GPU implementation of QR\SVD

PiotrSokol · January 18, 2018, 10:34pm

Hi,

Is it possible to use GPU accelerated factorizations? I can’t find any information in the documentation and it seems that in version “0.3.0.post4” pytorch copies the tensor onto RAM and runs a CPU implementation of the factorizations.

richard · January 18, 2018, 10:40pm

torch.qr and torch.svd both run on the GPU if your input is a CUDA tensor. They might also run parts of the algorithm on the CPU.
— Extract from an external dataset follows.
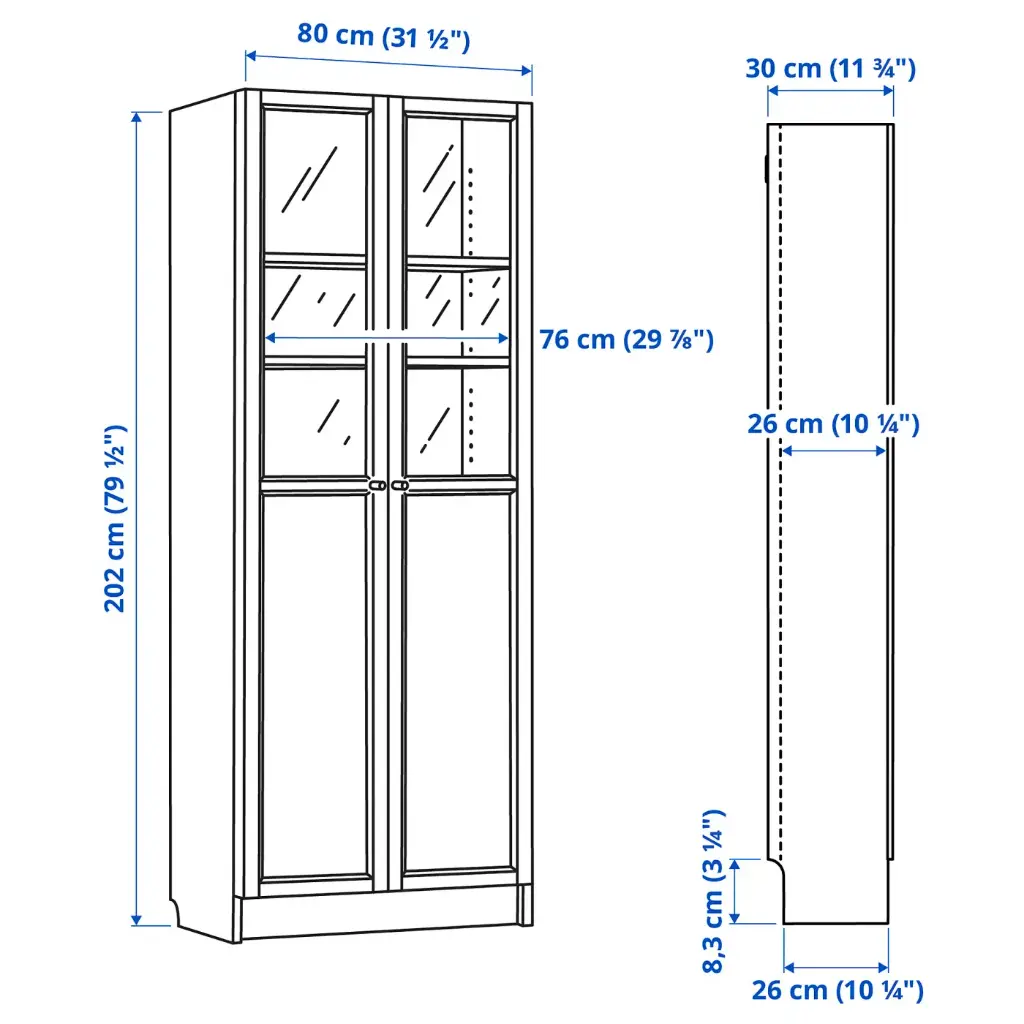 billy-oxberg-bookcase-with-panel-glass-doors-white__1060165_pe849852_s5.webp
PiotrSokol · January 19, 2018, 12:34am

@richard,

I also thought that if the input tensor is a cuda array then it should use the GPU but running

T = torch.randn(400,400).cuda()
 for i in range(100):
    somevar = torch.qr(T)

causes only a marginal increase in volatile GPU utilization (8-10%)
but blows up all CPU cores.

linyu · September 14, 2018, 8:12am

Hi, have you solved your problem? I have the same problem as you.

YiifeiWang · January 30, 2019, 1:48am

I simply move data to CPU to run QR decomposition.

PiotrSokol · February 19, 2019, 4:40pm

@YiifeiWang this may be faster depending on your setup. I found that doing qr on a 28 core/ 56 virtual cpu machine is 2x faster than running it on a nvidia titan.